Children with mental disorders such as ADHD, anxiety and depression are often treated with psychotherapy and/or medication, but there is too little scientific evidence supporting the long-term effects of these treatments. This is the conclusion of researcher Annelieke Roest and her colleagues in a recently published article.
Roest and her colleagues investigated whether various types of treatment, such as antidepressants and cognitive behavioural therapy, had a positive effect on children aged 6 to 12 years even after two years. They did this by systematically analyzing previously conducted studies.

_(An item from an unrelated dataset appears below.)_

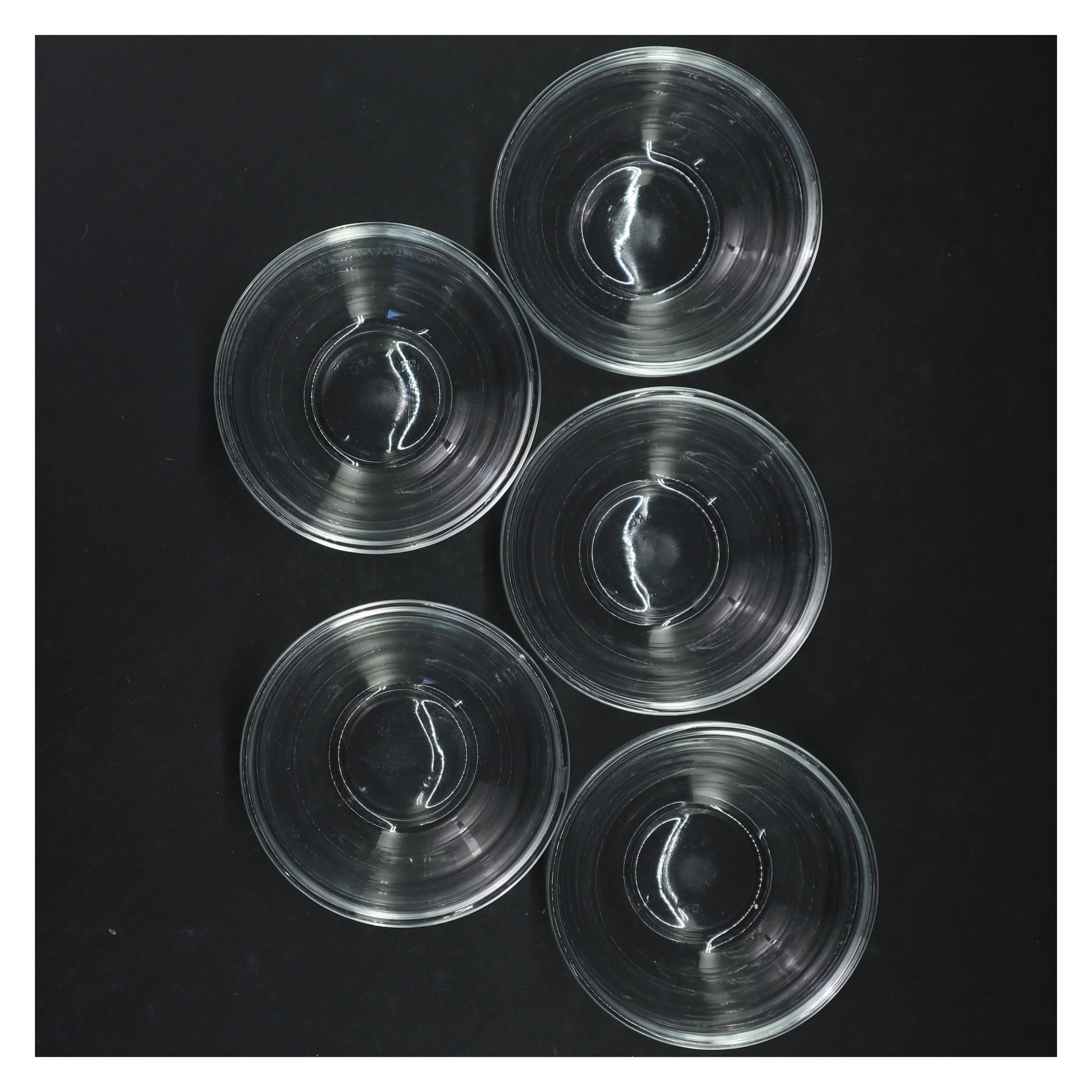 Sæt af 5 glaskåle (str. Ø 10 cm)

The researchers conclude that little research has been done on the long-term effects of the treatments. As a result, we do not know whether these treatments are still effective and safe in the long run. Roest: "Our research showed that the positive long-term effects of psychological and pharmacological treatments are small at best. At the same time we do not know what the negative effects of these treatments are." Roest mentions side effects of medication or "learned helplessness" in psychotherapy as examples of possible negative effects.

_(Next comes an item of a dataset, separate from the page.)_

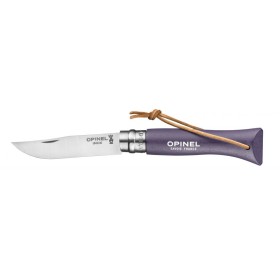 OPINEL COLTELLO N. 6 INOX CON MANICO VIOLET GRIS CON LACCETTO OPINEL COLTELLO N. 6 INOX CON MANICO VIOLET GRIS CON LACCETTO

The researcher therefore argues that the best treatment options should be considered for each child individually. "For each child, an assessment of the expected beneficial and harmful effects of treatment must be made, both in the short and long term. Especially if the symptoms are mild, "watchful waiting" might be a better option than treatment with medication or psychological treatments, Roest argues.
Roest, A.M., De Vries, Y.A., Wienen, A.W., & De Jonge, P. (2022). Editorial perspective: Are treatments for childhood mental disorders helpful in the long run? An overview of systematic reviews. Journal of Child Psychology and Psychiatry.